Okay, I hooked it up. A few observations:

1. It’s, uhm, fast. It’s Igor fast. And by that I mean: remember “Young Frankenstein”? Remember how Gene Wilder would call for Igor, and look to the right, and before he’d finished saying “I-” Marty Feldman would appear to his left? That’s how fast it is. I remember when I got my 733 in 2000 - whoohoo, it would summon SimpleText in a second. Fine, yeah, great. That was then. This machine calls up Photoshop as quickly as the 733 hauled up a basic word processor. Bing! Okay, let’s try the web browser - bing! Desire contemporaneous with fulfillment. This is what computing should be: like a light switch. No one hits a switch with the expectation that it will take 39 seconds for the socket to load your lumen preferences and initialize the filament; you expect that the act of flicking the switch turns the light on. And so it is with dual processor 64-bit processor G5 Macs! Hah hah! (Yes, I know the programs I’m using do not employ the potential of the 64-bit processor, but it’s fun to fling that around. Oh, you’re still processing 32 bits? Pity.)

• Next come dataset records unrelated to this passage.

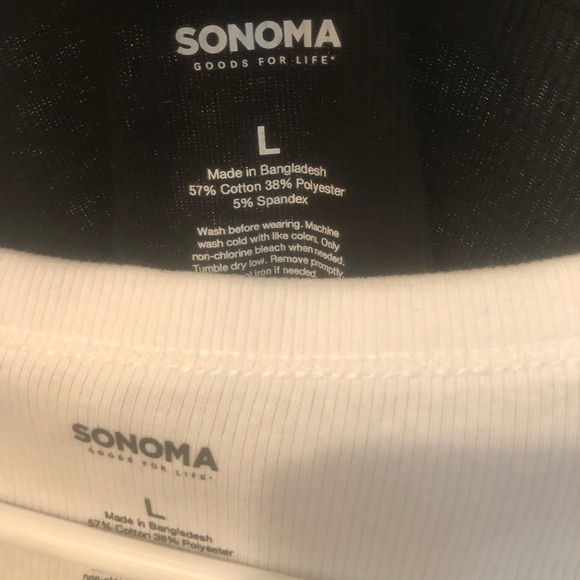 Sonoma Goods for Life Women’s Henley Tank Tops! - Picture 4 of 4
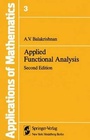 Cover: Applied Functional Analysis - Springer
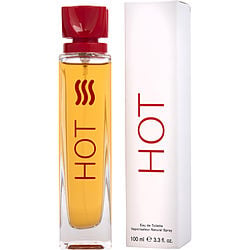 Hot By Benetton Edt Spray 3.3 Oz (New Packaging)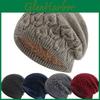 Fashion Winter Hat Style New Plush Fur Lined Hat For Men And Women Outdoor Peacock Feathers Figure Beanie Keep Warm Winter Cap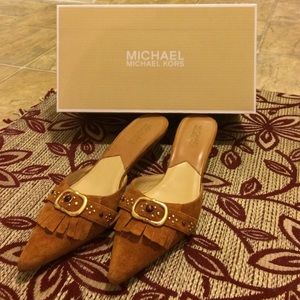 Michael Kors Slip On Stilleto Size 6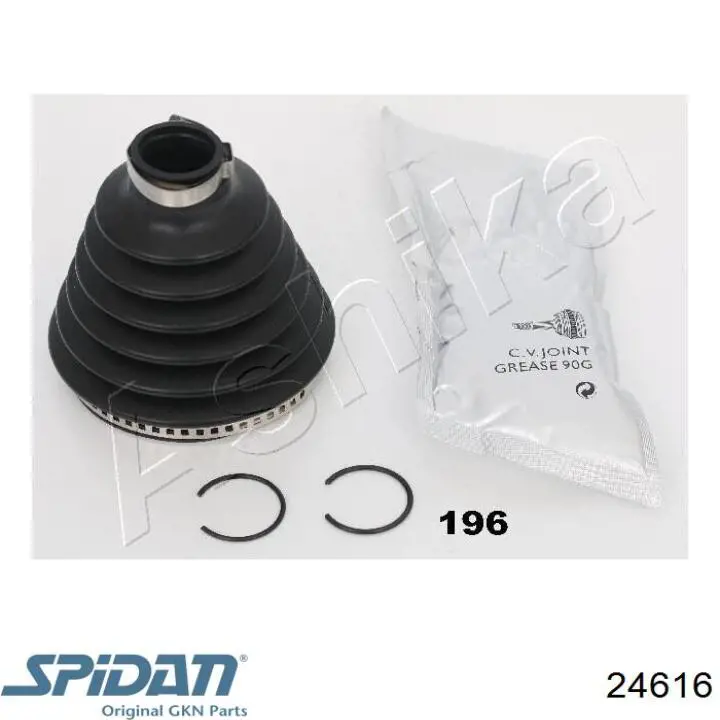 Купити 24616 GKN-Spidan Пильник шарніра приводу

2. It’s silent. It's nanosecond-before-the-big-bang silent. My EVO computer at work sighs like Gore in a debate; feed it a CD and it spins up until you remove the disk. Noisy as Isabel. My old 733 had a constant muted fan noise, but you get used to that. But this G5 - this is something else. It’s just not there. It has five fans, and I can’t hear one of them. It was unnerving at first - dude! where’s my ambient white noise? You realize that you’ve been trained to expect noise; it’s just one of those attributes of computing to which you became accustomed long ago, just as once you saw the dialog box that informed you AOL was downloading new art, and realized you could do nothing with your machine, or phone line, for the next half hour. Sigh; get a cup of coffee and a magazine.

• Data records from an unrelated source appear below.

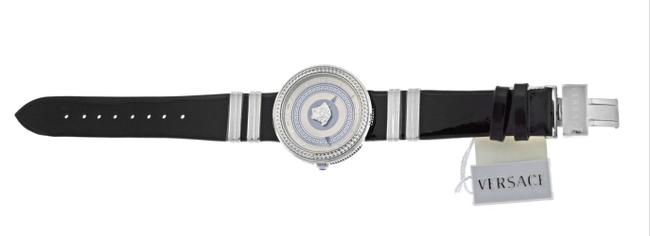 Versace Silver New Vanity Vlc01 0014 Steel Quartz 40mm Watch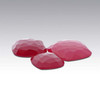 Red Chalcedony 12mm Cushion Cabochon, D |Sold by Each | 73707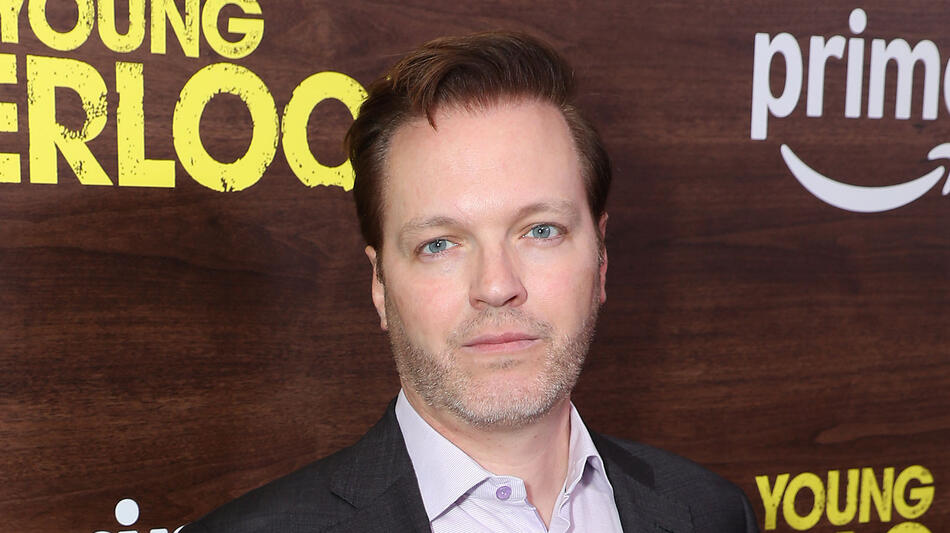 Marc Resteghini (produttore esecutivo) partecipa alla proiezione speciale a New York di Young Sherlock di Prime Video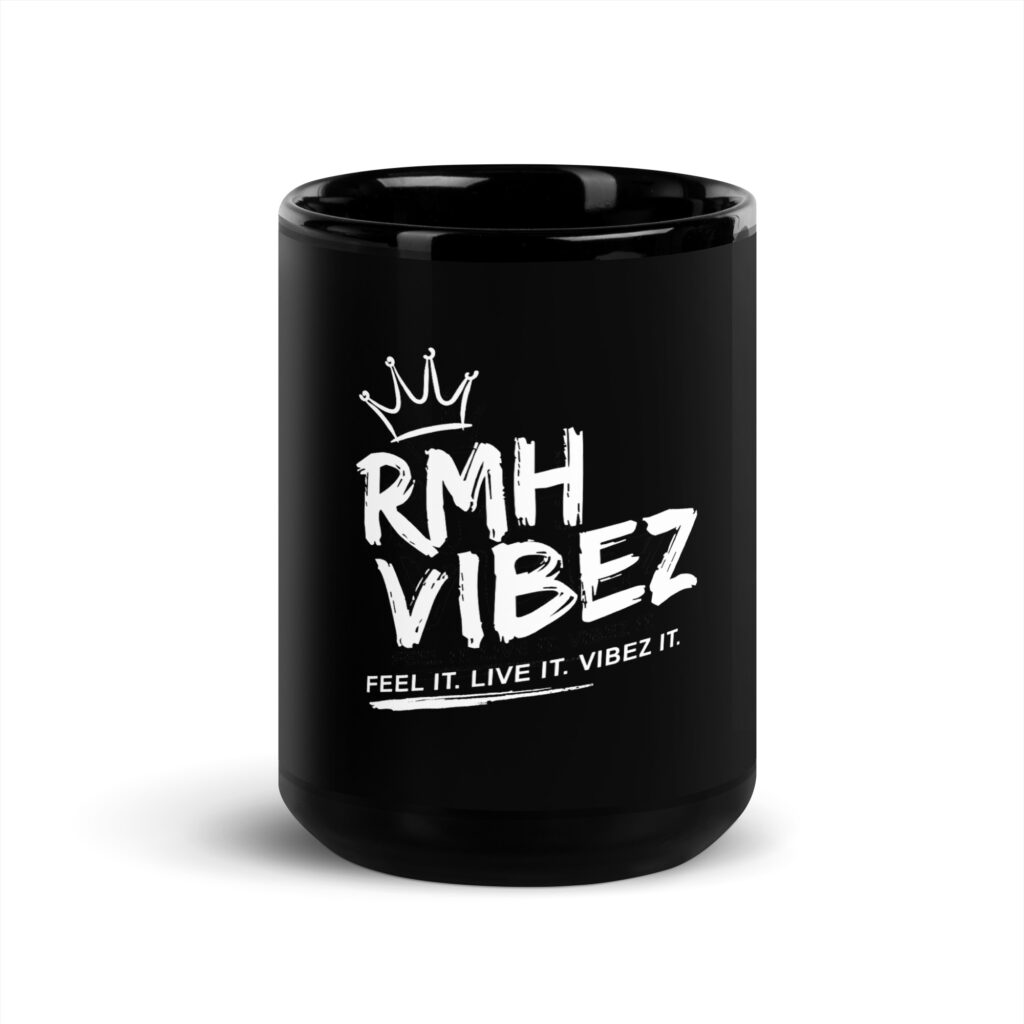 Black Glossy Mug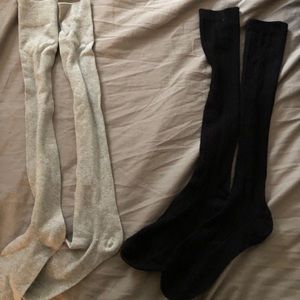 KNEE HUGH SOCK BUNDLE (5 pairs)
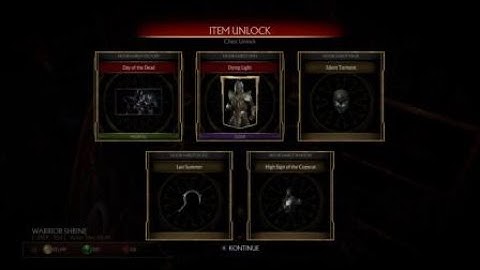 MK11 - Krypt Head Chests Glitch(Unlock All)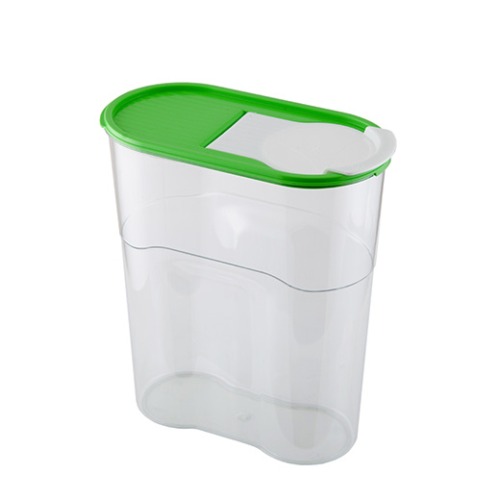 Банка 1,7л д/сыпучих продуктов &quotЛЮКС&quot 642С *27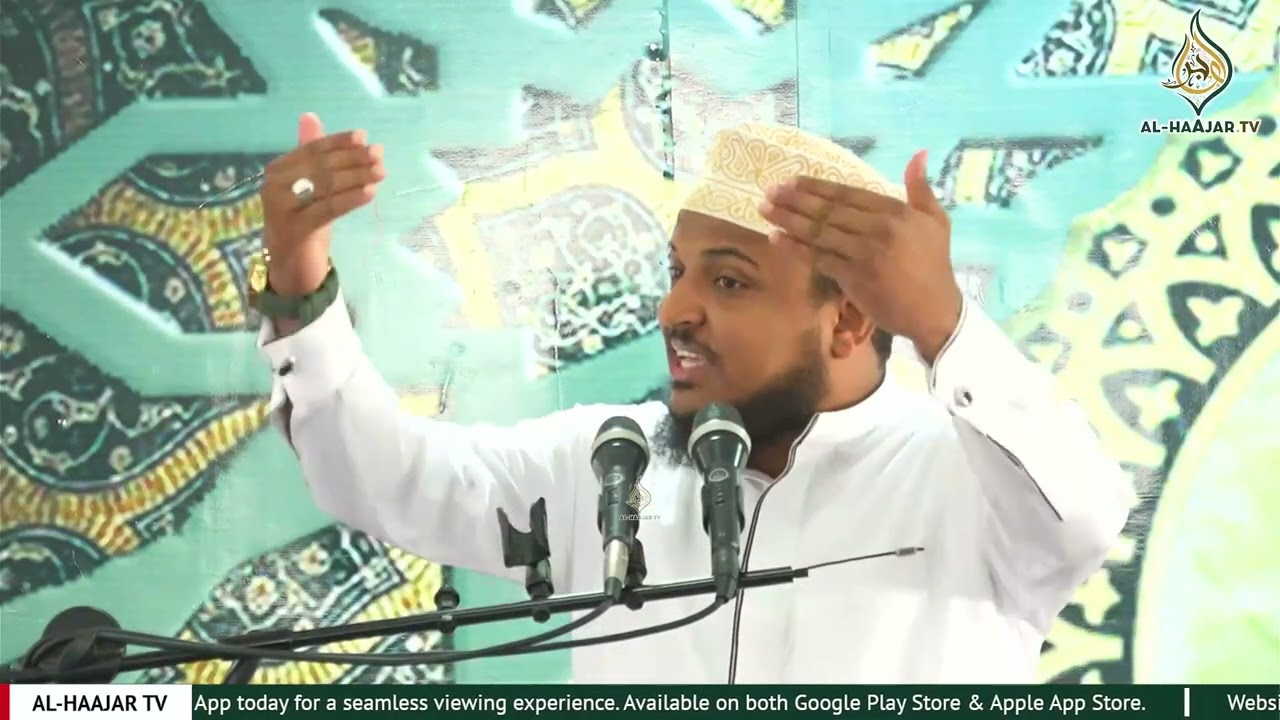 MUSISAHAU FADHLA BAINA YENU NYINYI ( WANA NDOA ) ll SHEIKH BISMETY AL HABSHY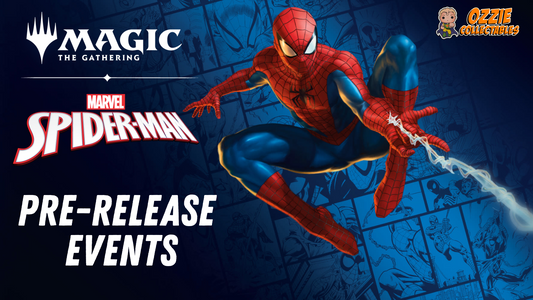 Magic: the Gathering Spider-Man Prerelease Tournaments Sep 19-21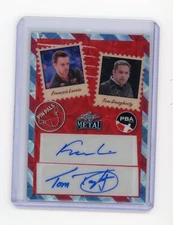 2024 Leaf Metal PBA FRANCOIS LAVOIE TOM DAUGHERTY Pin Pals Dual Auto #d 2/8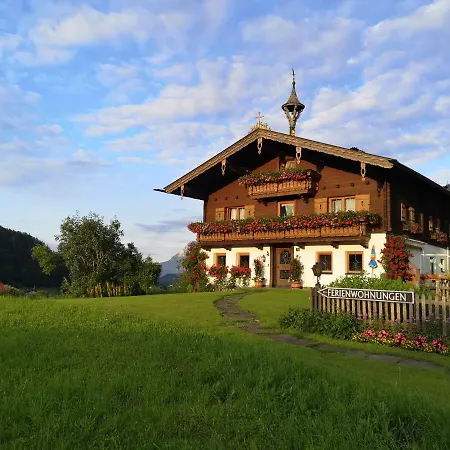 Haus Kranzbichl * Thiersee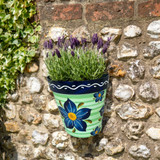 Zest  Wall Pot - Verde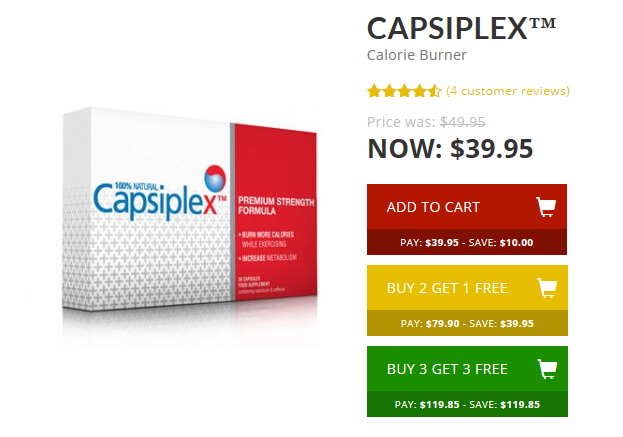 Capsiplex Buy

No one could sell a computer nowadays by pointing out that it’s quieter than other computers; people wouldn’t get it, because computers are not inordinately loud for the most part. But once you have a dead-silent mute brick machine, your previous machines suddenly seem like howler monkeys.

3. No AppleWorks. This is interesting. I cannot find the AppleWorks suite on the hard drive - perhaps because, you know, it isn’t there. But there is a Microsoft Word Office Test Drive. Que? I’m guessing that Apple anticipates the end of Office for the Mac, and is content to let everyone adopt that as a standard, and if MS drops OSX support, Apple will whip out something new that accommodates Office, and surpasses it. I’m not saying I don’t appreciate Office for the Mac; I have a legit copy, which I duly installed. But halfway through the installation I noted the WARNINGS on the box - if I had a Test Drive version on my machine, I should disinstall it NOW before I installed the real thing.

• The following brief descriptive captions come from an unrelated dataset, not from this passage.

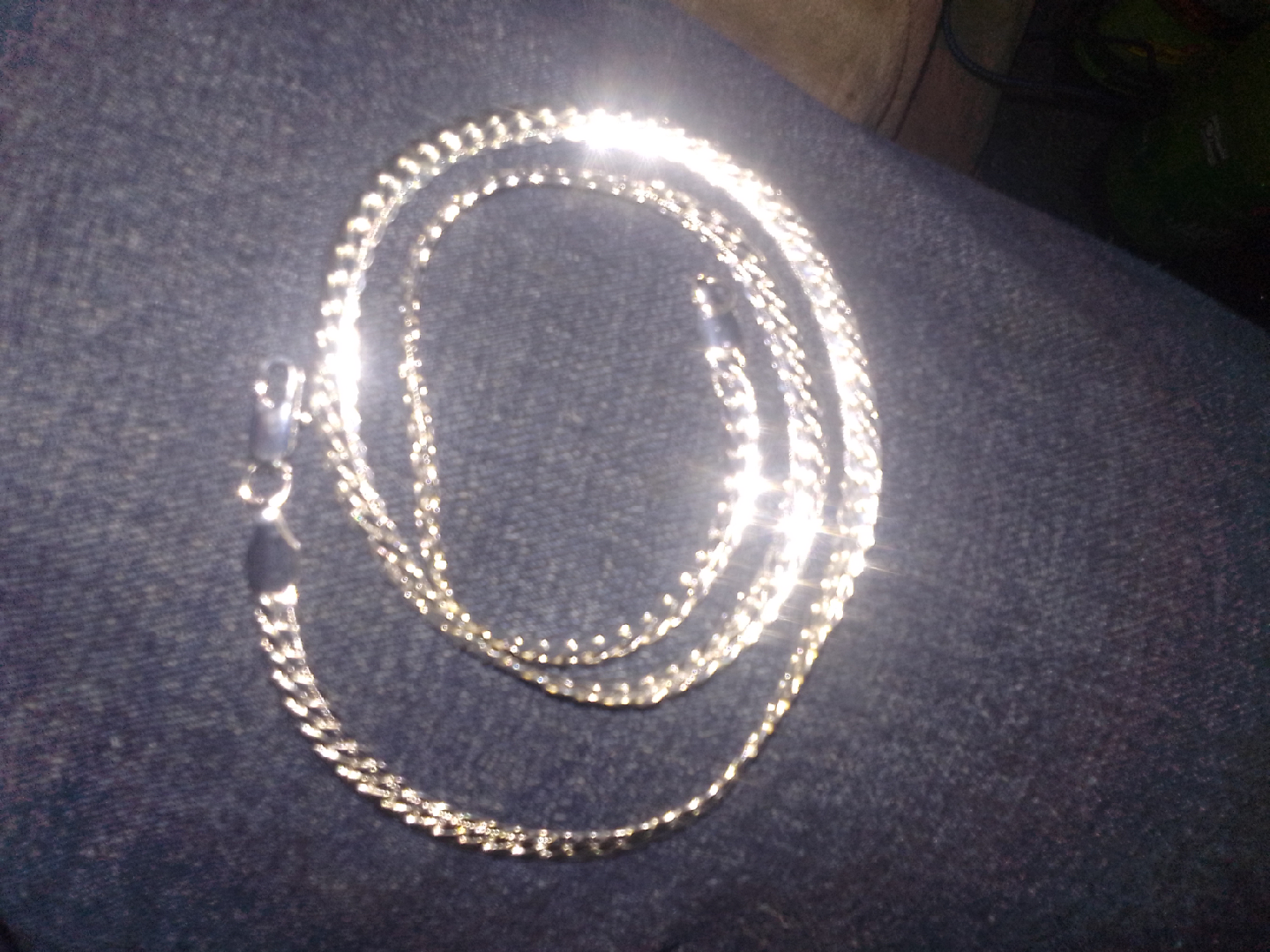 Silver Chain Necklace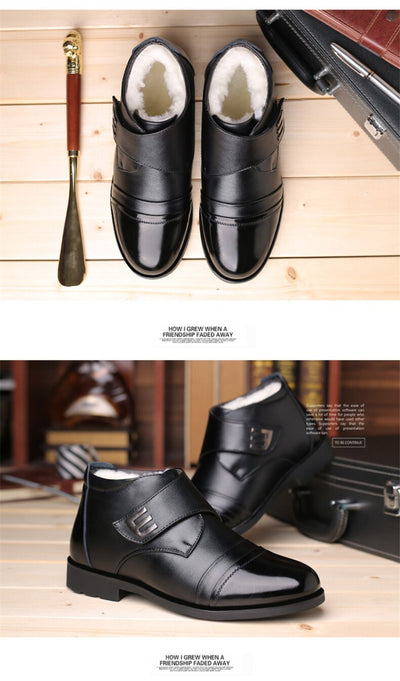 Zapatos de Cuero para Negocios Casual - Image 22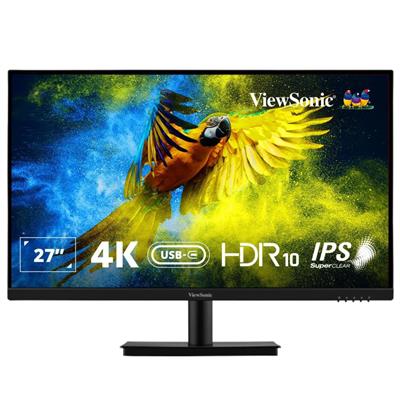 ViewSonic VA2709U-4K - 60Hz 4K UHD IPS 27" USB-C Monitor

And so it came to pass that within an hour of turning on my new magnificent computer, I was already dealing with Microsoft wizards. It’s like converting to Zoroastrian religion and spending fifteen minutes filling out forms the Catholic Church requires you to sign and initial here . . .and here . . .annnnnd here. And here again.

4. We have house guests, and I’m banging this out in the brief space between husband / father / host duties, so I have to go. And since the new machine isn’t set up for everything, I’m doing this from the laptop via hardwires into an unoccupied wall plug. Better bleatage tomorrow, I promise.